1. Input Validation and Sanitization

  • Malicious Input Filtering: Implement strict validation and normalization pipelines for inference requests. Ensure that input shapes, dimensions, and encodings match predefined schemas before passing data to the model.
  • Out-of-Distribution (OOD) Checks: Deploy threshold-based anomaly detection mechanisms at API gateways to detect and log incoming requests that fall far outside the distribution of the training data.
  • Technical Enforcement at the API Layer: Code-level input structure must be programmatically enforced. For Python-based applications (e.g., FastAPI), you must utilize rigid validation libraries like Pydantic to reject malformed payloads before they hit the model pipeline.

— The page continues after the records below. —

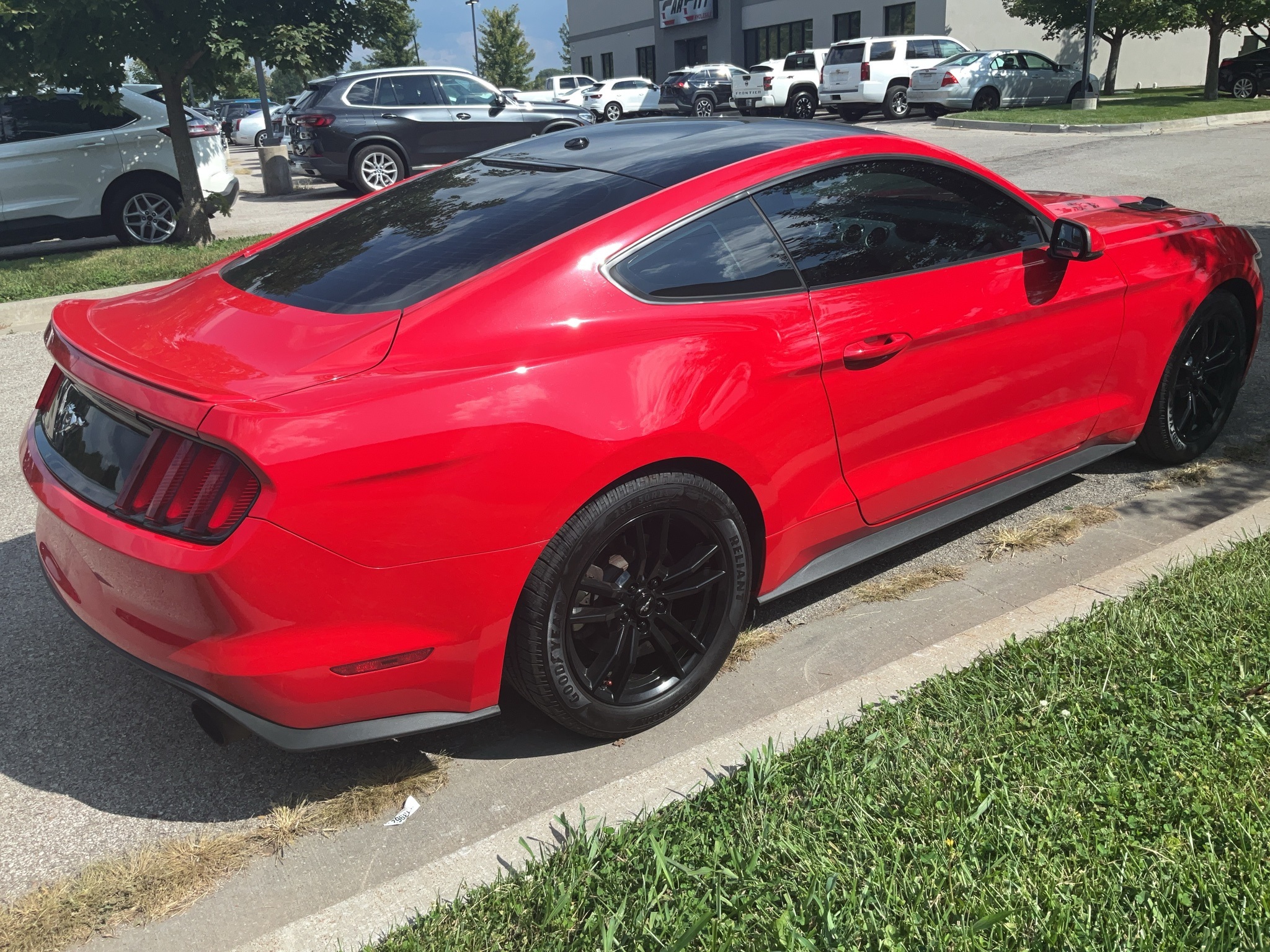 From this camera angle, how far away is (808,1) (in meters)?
44.7

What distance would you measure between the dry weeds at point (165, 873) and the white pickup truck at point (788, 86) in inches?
1163

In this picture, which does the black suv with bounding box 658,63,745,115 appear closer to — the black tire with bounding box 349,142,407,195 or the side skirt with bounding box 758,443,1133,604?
the black tire with bounding box 349,142,407,195

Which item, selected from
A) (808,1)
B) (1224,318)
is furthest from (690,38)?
(1224,318)

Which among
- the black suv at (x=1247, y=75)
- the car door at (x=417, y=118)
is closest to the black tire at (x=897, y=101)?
the black suv at (x=1247, y=75)

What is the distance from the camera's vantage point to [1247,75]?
30.2 m

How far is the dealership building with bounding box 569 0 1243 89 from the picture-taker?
38.8 metres

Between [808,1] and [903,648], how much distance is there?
4609 centimetres

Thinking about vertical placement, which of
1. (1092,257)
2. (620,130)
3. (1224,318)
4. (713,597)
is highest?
(620,130)

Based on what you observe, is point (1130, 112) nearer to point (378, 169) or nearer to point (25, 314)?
point (378, 169)

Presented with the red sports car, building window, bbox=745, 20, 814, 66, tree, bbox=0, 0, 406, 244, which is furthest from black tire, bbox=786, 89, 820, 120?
the red sports car

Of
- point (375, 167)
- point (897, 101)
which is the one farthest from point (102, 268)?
point (897, 101)

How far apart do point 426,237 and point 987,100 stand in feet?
90.7

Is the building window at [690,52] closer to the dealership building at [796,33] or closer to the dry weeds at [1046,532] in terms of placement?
the dealership building at [796,33]

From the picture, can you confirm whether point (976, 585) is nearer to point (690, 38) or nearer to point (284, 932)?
point (284, 932) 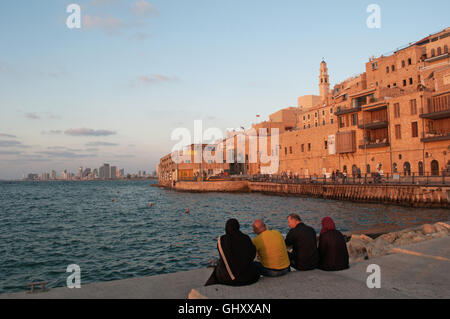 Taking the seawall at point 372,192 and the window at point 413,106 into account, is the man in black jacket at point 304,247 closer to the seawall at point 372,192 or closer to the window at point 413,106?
the seawall at point 372,192

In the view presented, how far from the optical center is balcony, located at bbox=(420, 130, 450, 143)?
1464 inches

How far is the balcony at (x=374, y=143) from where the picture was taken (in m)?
45.0

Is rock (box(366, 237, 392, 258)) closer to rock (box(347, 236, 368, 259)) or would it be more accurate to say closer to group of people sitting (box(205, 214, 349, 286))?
rock (box(347, 236, 368, 259))

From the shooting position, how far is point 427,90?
40.7 m

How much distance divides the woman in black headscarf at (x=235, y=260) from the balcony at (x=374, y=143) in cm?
4361

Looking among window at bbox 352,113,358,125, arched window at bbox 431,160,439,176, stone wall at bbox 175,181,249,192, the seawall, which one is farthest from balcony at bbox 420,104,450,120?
stone wall at bbox 175,181,249,192

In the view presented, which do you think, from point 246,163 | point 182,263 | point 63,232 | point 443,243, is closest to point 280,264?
point 443,243

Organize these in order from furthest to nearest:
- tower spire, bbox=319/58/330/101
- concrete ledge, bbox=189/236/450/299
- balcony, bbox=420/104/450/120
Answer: tower spire, bbox=319/58/330/101 < balcony, bbox=420/104/450/120 < concrete ledge, bbox=189/236/450/299

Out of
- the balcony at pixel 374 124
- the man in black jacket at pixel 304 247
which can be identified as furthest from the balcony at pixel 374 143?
the man in black jacket at pixel 304 247

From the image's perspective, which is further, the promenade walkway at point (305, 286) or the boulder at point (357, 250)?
the boulder at point (357, 250)

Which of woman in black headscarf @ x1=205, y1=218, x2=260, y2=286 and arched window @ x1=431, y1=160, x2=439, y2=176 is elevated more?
arched window @ x1=431, y1=160, x2=439, y2=176

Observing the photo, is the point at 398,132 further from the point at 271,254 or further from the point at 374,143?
the point at 271,254

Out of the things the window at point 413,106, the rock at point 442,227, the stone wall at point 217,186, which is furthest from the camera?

2. Adversarial Resilience, Penetration Testing & Prompt Safeguards

  • Perturbation Resilience: Test the model's susceptibility to adversarial manipulation (e.g., using white-box or black-box gradient attacks like FGSM if applicable). The system must maintain stable predictions within acceptable error margins when subjected to bounded data alterations.
  • Data Poisoning Prevention: Secure data ingestion lakes to prevent unauthorized training data modification, injection, or deletion. Enforce cryptographic validation on incoming batch training data files.
  • Generative Prompt Protections: For user-facing LLM deployments, implement dedicated guardrails to intercept, filter, and block Prompt Injection, Jailbreaking attempts, and System Prompt Leakage. Malicious language strings must be neutralized before context tokenization.

3. Model Leakage & Data Privacy Protections

  • Exfiltration Protections: Ensure APIs do not reveal structural metadata or excessive telemetry details (e.g., detailed prediction distributions or gradient shapes) that could assist a bad actor in reconstructing the training set via model inversion or extraction attacks.
  • Rate Limiting: Enforce strict API rate limiting on model inference endpoints to mitigate continuous, high-volume automated queries designed for model cloning.

4. Supply Chain Security

  • Pre-trained Weights Verification: When downloading third-party models, weights, or tokenizers, verify their cryptographic signatures and hash matches. Only load base weights from certified registries and scan serialized formats (e.g., .pkl, .h5, .pt) for arbitrary code execution vulnerabilities prior to loading into environment runtimes.

What to avoid?

  • Disabling request validation filters under the assumption that an AI model naturally filters noise out of its input.
  • Distributing raw model weights or configuration files over public, unauthenticated networks.
  • Treating third-party open-source pre-trained model checkpoints as implicitly secure without validating files and dependencies.

Considerations

  • Security mechanisms should not be over-engineered to the point that inference latency or normal model performance on valid edge cases degrades significantly.
  • If a security incident or potential exploit is identified in production, a retraining baseline must be initiated from verified, cryptographically signed data versions managed under the AI Data Governance & Quality standard.